BofA Option Adjusted Spread to Treasury – The BofA Merrill Lynch Option-Adjusted Spreads (OASs) are the calculated spreads between a computed OAS index of all bonds in a given rating category and a spot Treasury curve.
USDX Index – The U.S. Dollar Index (USDX, DXY) is an index (or measure) of the value of the United States dollar relative to a basket of foreign currencies, often referred to as a basket of U.S. trade partners’ currencies.
Bankrate.com 30-Year Fixed Mortgage National Average – Rate includes only 30-Year Fixed Mortgage products, with and without points. This index is the Overnight National Average.
Spot Exchange Rate – A foreign exchange spot transaction, also known as FX spot, is an agreement between two parties to buy one currency against selling another currency at an agreed price for settlement on the spot date. The exchange rate at which the transaction is done is called the spot exchange rate.
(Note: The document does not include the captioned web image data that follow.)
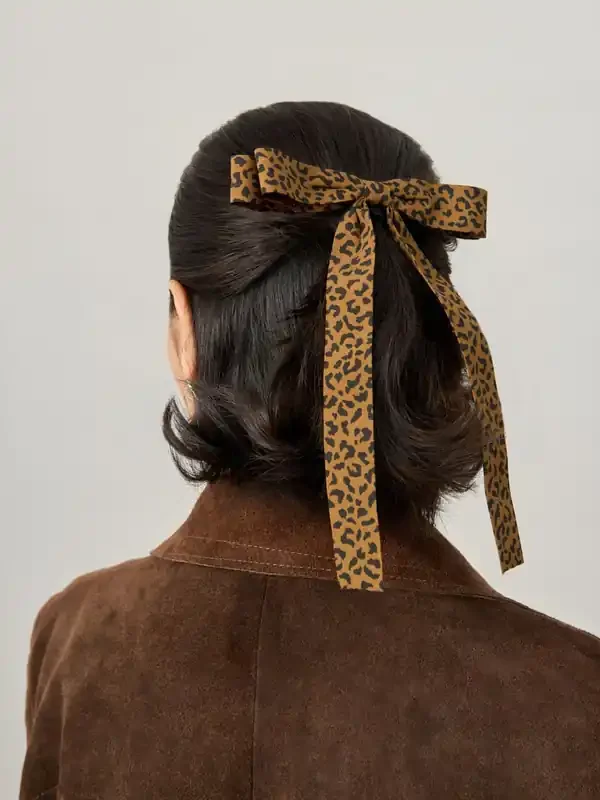 Aela Skinny Leopard Print Brown Bow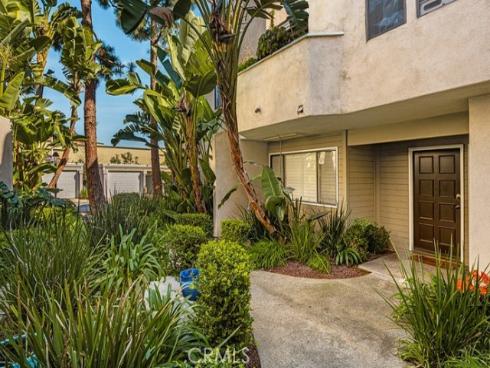 421  Bryson Springs  , Costa Mesa, CA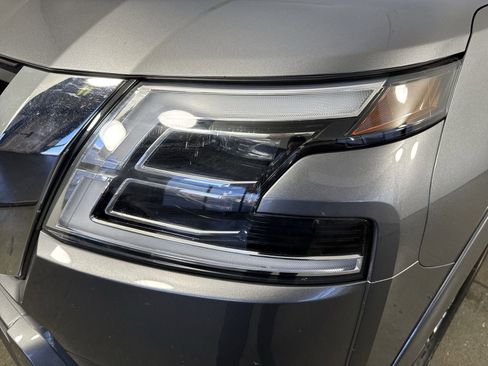 Certified 2022 Nissan Armada SL image 33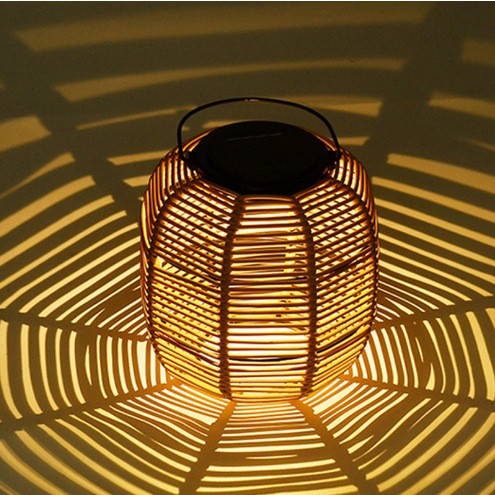 outdoor lantern light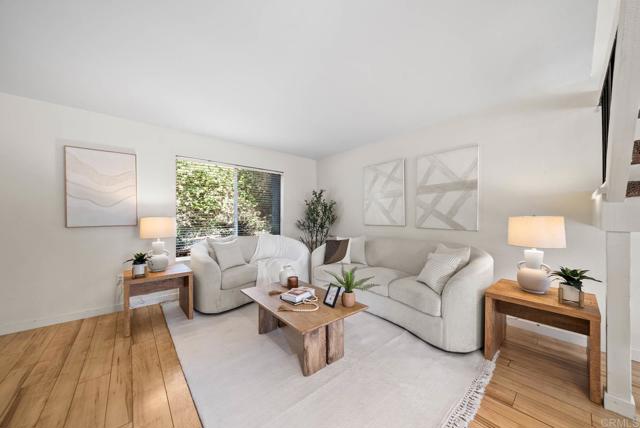 Detail Gallery Image 2 of 22 For 10658 King Phillip Ct., Santee,  CA 92071 - 3 Beds | 1/1 Baths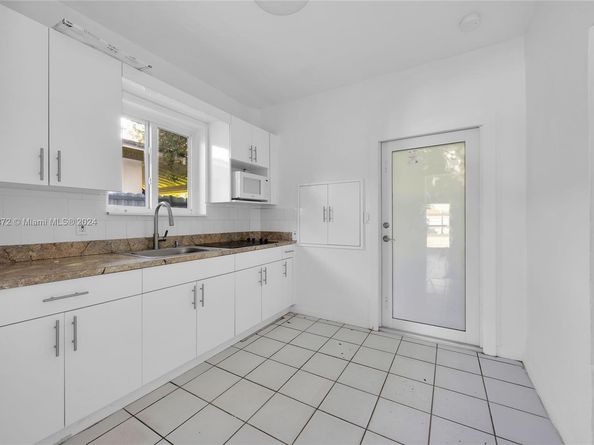 30 NW 24th Ave, Miami FL 33125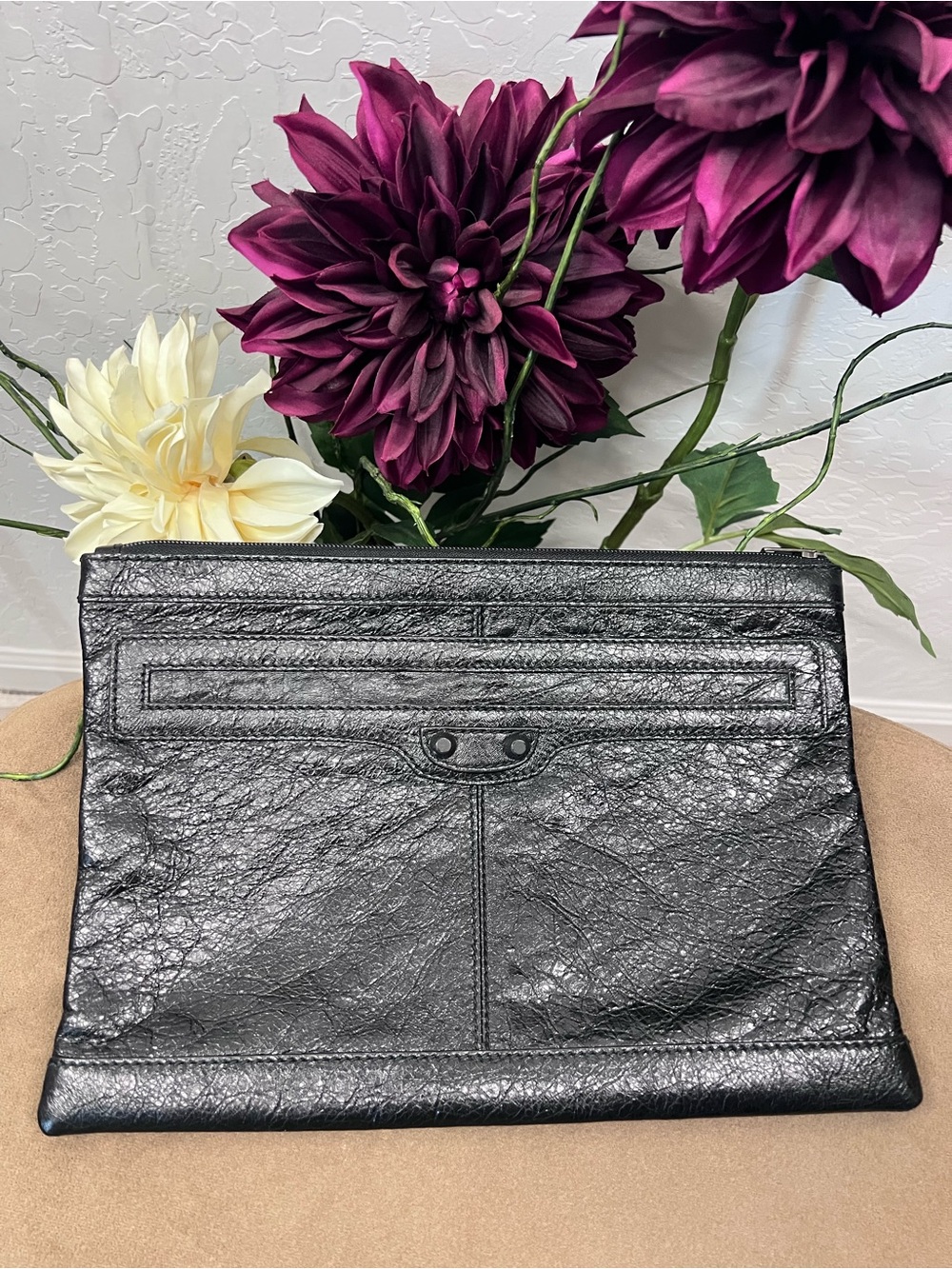 BALENCIAGA CITY CLIP LEATHER CLUTCH  Women Bags . VERY GOOD CONDITION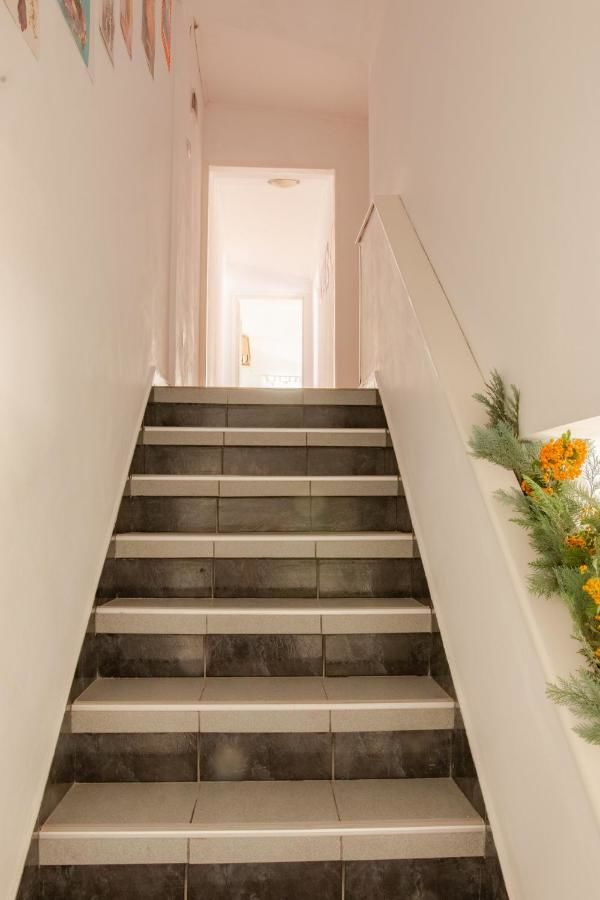 Гостевой дом Guest House Colosseum Area Бухарест-29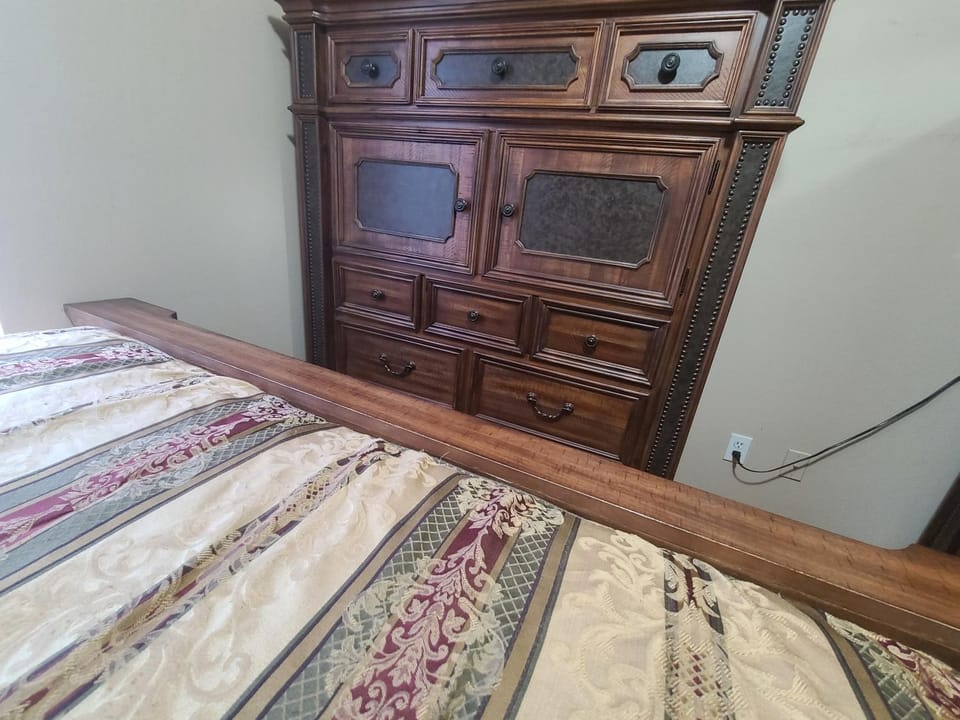 Bedroom, wardrobe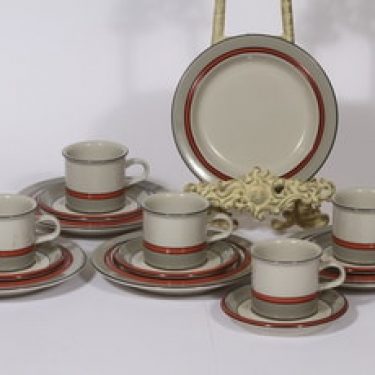 Arabia Aslak kahvikupit ja lautaset, oliivinvihreä, 5 kpl, suunnittelija Inkeri Leivo, raitakoriste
Tapering is the gradual winding down of central bank activities used to improve the conditions for economic growth. Tapering activities are primarily aimed at interest rates and at the management of investor expectations regarding what those rates will be in the future. These can include changes to conventional central bank activities, such as adjusting the discount rate or reserve requirements, or more unconventional ones, such as quantitative easing (QE).